Task statement: The answer should contain all of the data, retyped without any alteration.

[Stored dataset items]
[Start of Attachment]

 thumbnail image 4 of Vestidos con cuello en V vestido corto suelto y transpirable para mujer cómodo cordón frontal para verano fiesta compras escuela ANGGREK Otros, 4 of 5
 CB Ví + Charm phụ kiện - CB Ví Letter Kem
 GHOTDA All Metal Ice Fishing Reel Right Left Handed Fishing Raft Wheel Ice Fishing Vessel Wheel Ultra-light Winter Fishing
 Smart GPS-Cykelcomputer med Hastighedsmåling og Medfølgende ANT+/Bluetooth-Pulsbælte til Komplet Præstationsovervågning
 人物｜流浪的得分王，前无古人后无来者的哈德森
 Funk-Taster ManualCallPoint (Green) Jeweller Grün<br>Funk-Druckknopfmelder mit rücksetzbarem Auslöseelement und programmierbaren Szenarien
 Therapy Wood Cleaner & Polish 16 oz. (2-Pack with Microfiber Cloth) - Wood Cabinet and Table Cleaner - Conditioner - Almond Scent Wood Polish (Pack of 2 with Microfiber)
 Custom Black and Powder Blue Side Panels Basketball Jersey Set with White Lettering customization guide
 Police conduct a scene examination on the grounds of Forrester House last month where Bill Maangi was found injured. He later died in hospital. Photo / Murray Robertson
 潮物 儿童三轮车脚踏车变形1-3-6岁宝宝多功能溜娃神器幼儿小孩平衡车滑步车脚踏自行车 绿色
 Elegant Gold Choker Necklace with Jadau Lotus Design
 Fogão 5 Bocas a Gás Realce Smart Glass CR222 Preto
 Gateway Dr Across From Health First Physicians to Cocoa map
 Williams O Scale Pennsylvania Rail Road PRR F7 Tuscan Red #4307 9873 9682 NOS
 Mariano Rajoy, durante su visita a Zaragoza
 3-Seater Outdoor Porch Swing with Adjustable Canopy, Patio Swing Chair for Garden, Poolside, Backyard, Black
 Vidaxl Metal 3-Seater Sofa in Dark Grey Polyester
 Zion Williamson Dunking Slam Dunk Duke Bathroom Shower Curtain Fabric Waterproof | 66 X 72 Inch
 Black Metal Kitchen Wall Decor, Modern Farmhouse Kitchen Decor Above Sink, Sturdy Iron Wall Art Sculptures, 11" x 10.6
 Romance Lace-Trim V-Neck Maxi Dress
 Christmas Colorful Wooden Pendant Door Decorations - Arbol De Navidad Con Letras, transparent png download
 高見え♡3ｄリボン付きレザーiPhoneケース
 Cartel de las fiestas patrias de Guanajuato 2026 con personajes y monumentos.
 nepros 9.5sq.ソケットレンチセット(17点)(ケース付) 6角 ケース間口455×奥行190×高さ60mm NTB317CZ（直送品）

[End of Attachment]

Solution to the exercise:
 thumbnail image 4 of Vestidos con cuello en V vestido corto suelto y transpirable para mujer cómodo cordón frontal para verano fiesta compras escuela ANGGREK Otros, 4 of 5
 CB Ví + Charm phụ kiện - CB Ví Letter Kem
 GHOTDA All Metal Ice Fishing Reel Right Left Handed Fishing Raft Wheel Ice Fishing Vessel Wheel Ultra-light Winter Fishing
 Smart GPS-Cykelcomputer med Hastighedsmåling og Medfølgende ANT+/Bluetooth-Pulsbælte til Komplet Præstationsovervågning
 人物｜流浪的得分王，前无古人后无来者的哈德森
 Funk-Taster ManualCallPoint (Green) Jeweller Grün<br>Funk-Druckknopfmelder mit rücksetzbarem Auslöseelement und programmierbaren Szenarien
 Therapy Wood Cleaner & Polish 16 oz. (2-Pack with Microfiber Cloth) - Wood Cabinet and Table Cleaner - Conditioner - Almond Scent Wood Polish (Pack of 2 with Microfiber)
 Custom Black and Powder Blue Side Panels Basketball Jersey Set with White Lettering customization guide
 Police conduct a scene examination on the grounds of Forrester House last month where Bill Maangi was found injured. He later died in hospital. Photo / Murray Robertson
 潮物 儿童三轮车脚踏车变形1-3-6岁宝宝多功能溜娃神器幼儿小孩平衡车滑步车脚踏自行车 绿色
 Elegant Gold Choker Necklace with Jadau Lotus Design
 Fogão 5 Bocas a Gás Realce Smart Glass CR222 Preto
 Gateway Dr Across From Health First Physicians to Cocoa map
 Williams O Scale Pennsylvania Rail Road PRR F7 Tuscan Red #4307 9873 9682 NOS
 Mariano Rajoy, durante su visita a Zaragoza
 3-Seater Outdoor Porch Swing with Adjustable Canopy, Patio Swing Chair for Garden, Poolside, Backyard, Black
 Vidaxl Metal 3-Seater Sofa in Dark Grey Polyester
 Zion Williamson Dunking Slam Dunk Duke Bathroom Shower Curtain Fabric Waterproof | 66 X 72 Inch
 Black Metal Kitchen Wall Decor, Modern Farmhouse Kitchen Decor Above Sink, Sturdy Iron Wall Art Sculptures, 11" x 10.6
 Romance Lace-Trim V-Neck Maxi Dress
 Christmas Colorful Wooden Pendant Door Decorations - Arbol De Navidad Con Letras, transparent png download
 高見え♡3ｄリボン付きレザーiPhoneケース
 Cartel de las fiestas patrias de Guanajuato 2026 con personajes y monumentos.
 nepros 9.5sq.ソケットレンチセット(17点)(ケース付) 6角 ケース間口455×奥行190×高さ60mm NTB317CZ（直送品）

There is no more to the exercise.